MDMK leaders also say that they feel comfortable in the company of the BJP, as "we both are sure about our ideological positions on various controversial issues, with no threat of each cutting into the other's political base in the state''.

''We thus will have to either gloss over controversial issues or work out solutions," the source said.

Interestingly, the MDMK had a sizeable presence in the BJP rally at Tiruchi, which was impressive, though not emotive or expressive.

BJP strategists say that they have entered the 'untested waters' of central Tamil Nadu with Vajpayee solving the much-entangled 'Cauvery waters issue' and the Vajpayee government taking up the much talked-about 'Sethusamudram project'.

Says a party leader: "We already have a strong presence in the southern districts, and the western districts, apart from pockets of influence in Madras and elsewhere. With the 'Cauvery waters agreement' and the Sethusamudram project, we have entered the DMK heartland with a bang. And early reports are encouraging."

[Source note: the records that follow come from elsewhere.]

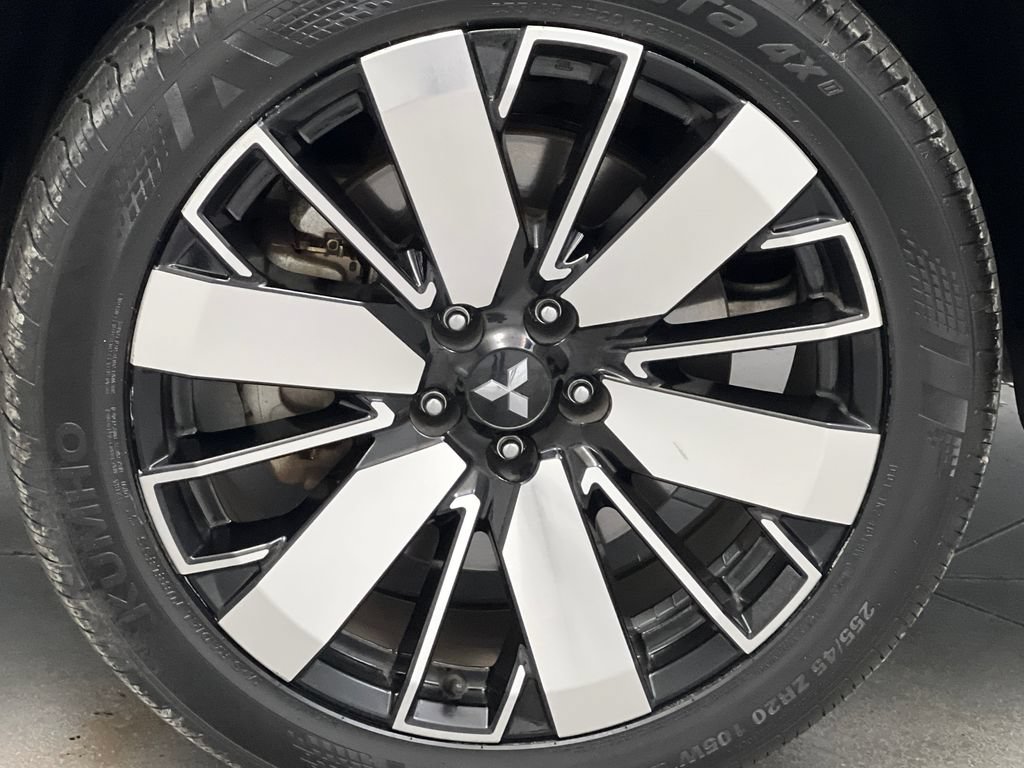 Used 2025 Mitsubishi Outlander SE FWD image 77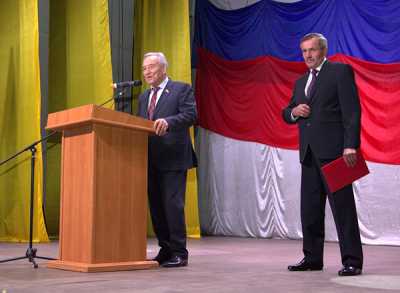 Владимир Штыгашев поздравил Сергея Клименко с вступлением в должность главы Боградского района.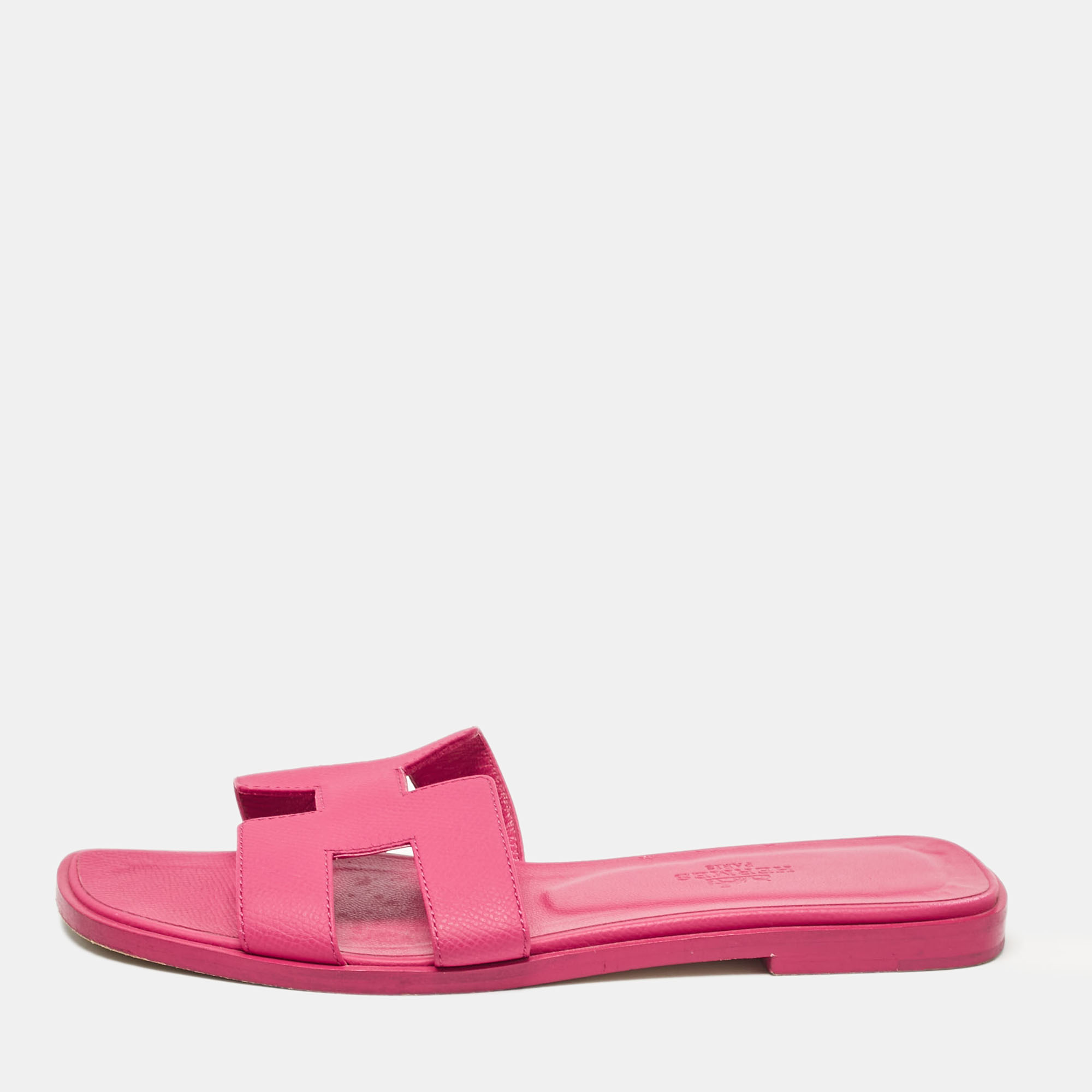 

Hermes Pink Leather Oran Flat Slides Size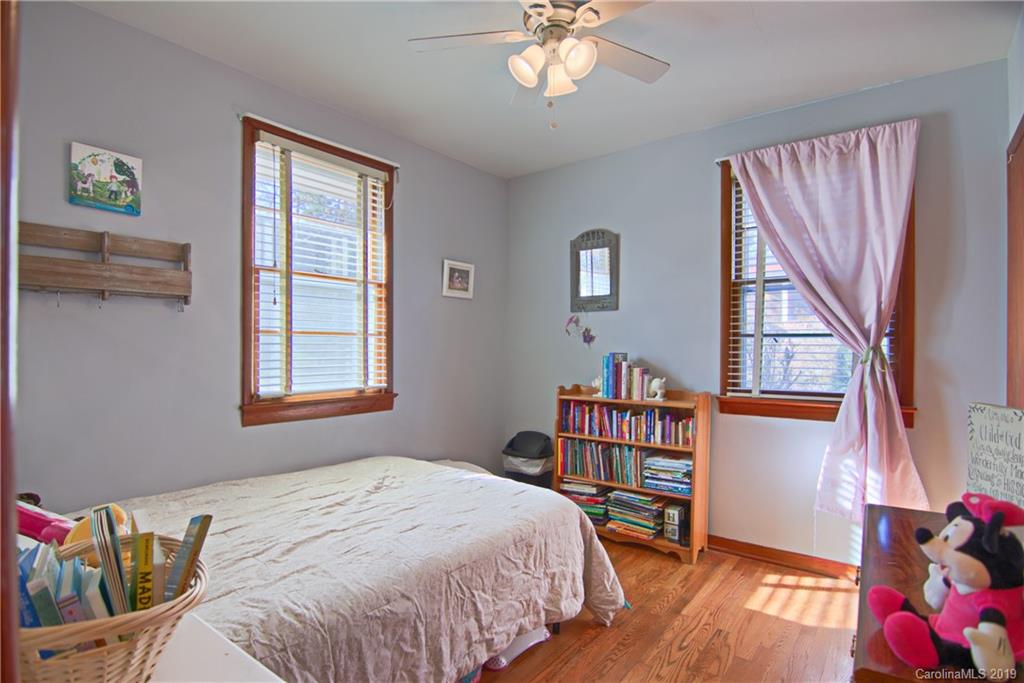 606 Hebron Road Hendersonville, NC 28739 - Photo 19 of 24 Gallery Image 19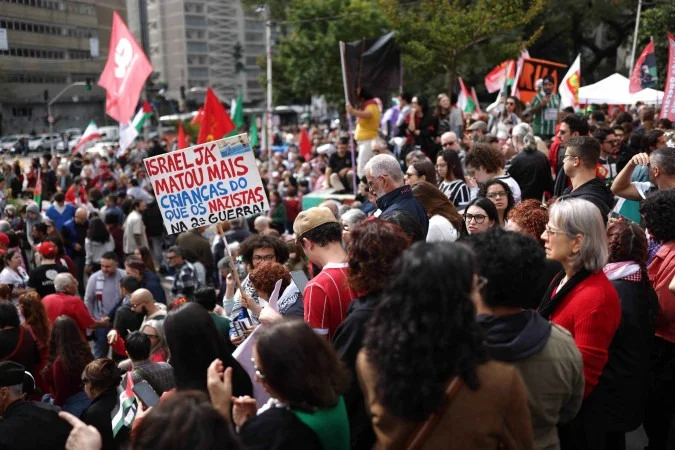 Manifestação em São Paulo contra genocídio
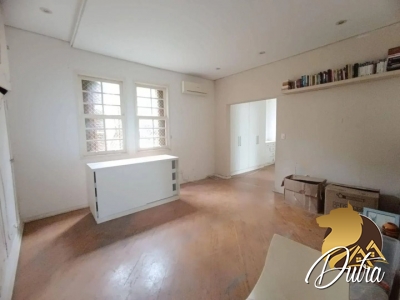 Padrão Jardim Paulista 300m² 03 Dormitórios 01 Suítes 3 Vagas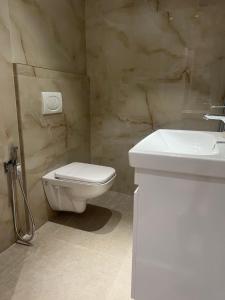 Cozy Urban Apartment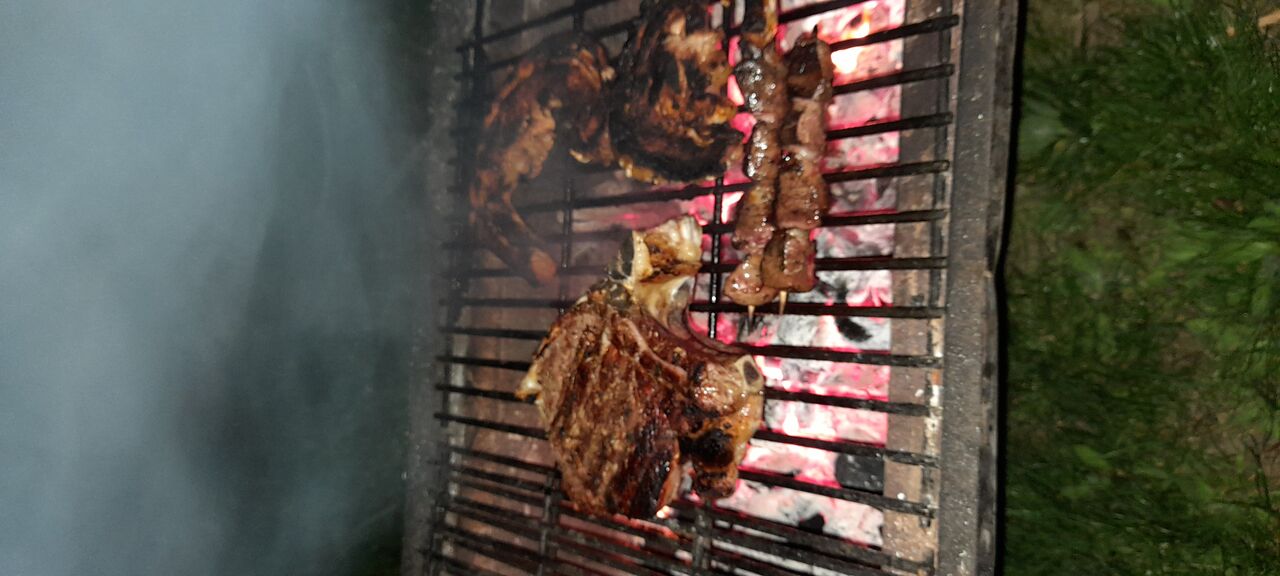 Les grillades: bœuf / agneau /poulet de 10 à 30 €voir sur la page FB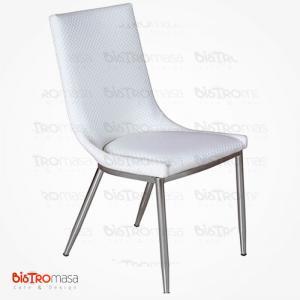 Beyaz metal sandalye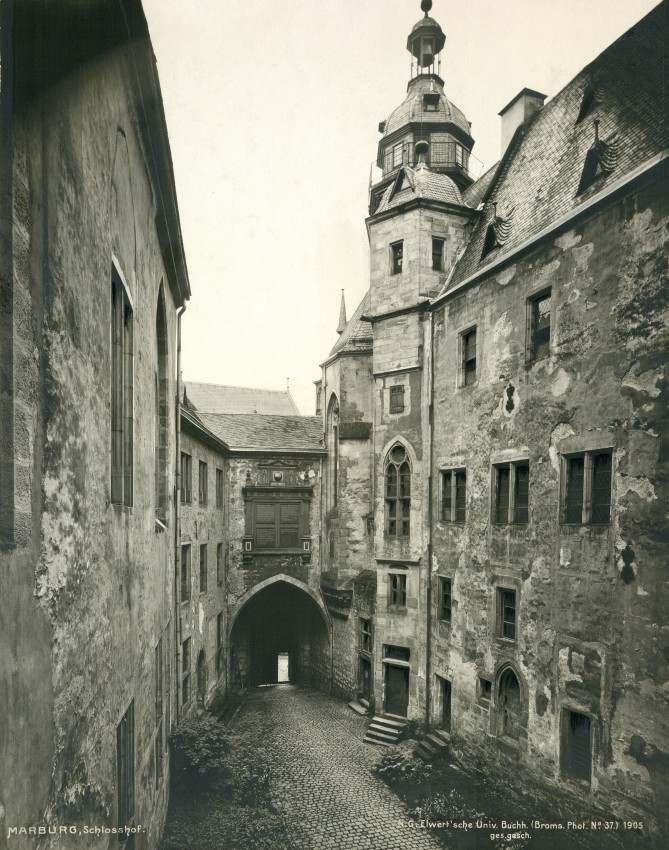 Gedächtnisort: Das Preußische Provinzialarchiv im Landgrafenschloss Gedächtnisort: Das Preußische Provinzialarchiv im Landgrafenschloss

Obviously, the BJP is providing for the AIADMK falling into bad times all over again. The state party is not happy with the events of the recent past, where its public image has been blurred by the "alleged high-handed actions involving Jayalalitha's name, and that of party MLA Thamaraikani, in assault cases."

Says one of them, "We have to be as cautious about our companions, as about our competitors. We cannot continue to think that the voter will always fall for our 'national agenda'. Where we have nothing new or different to offer, unlike last year, even for the Lok Sabha polls, the voter may be tempted to look nearer home for making his choice. There, we have to present a better, viable picture."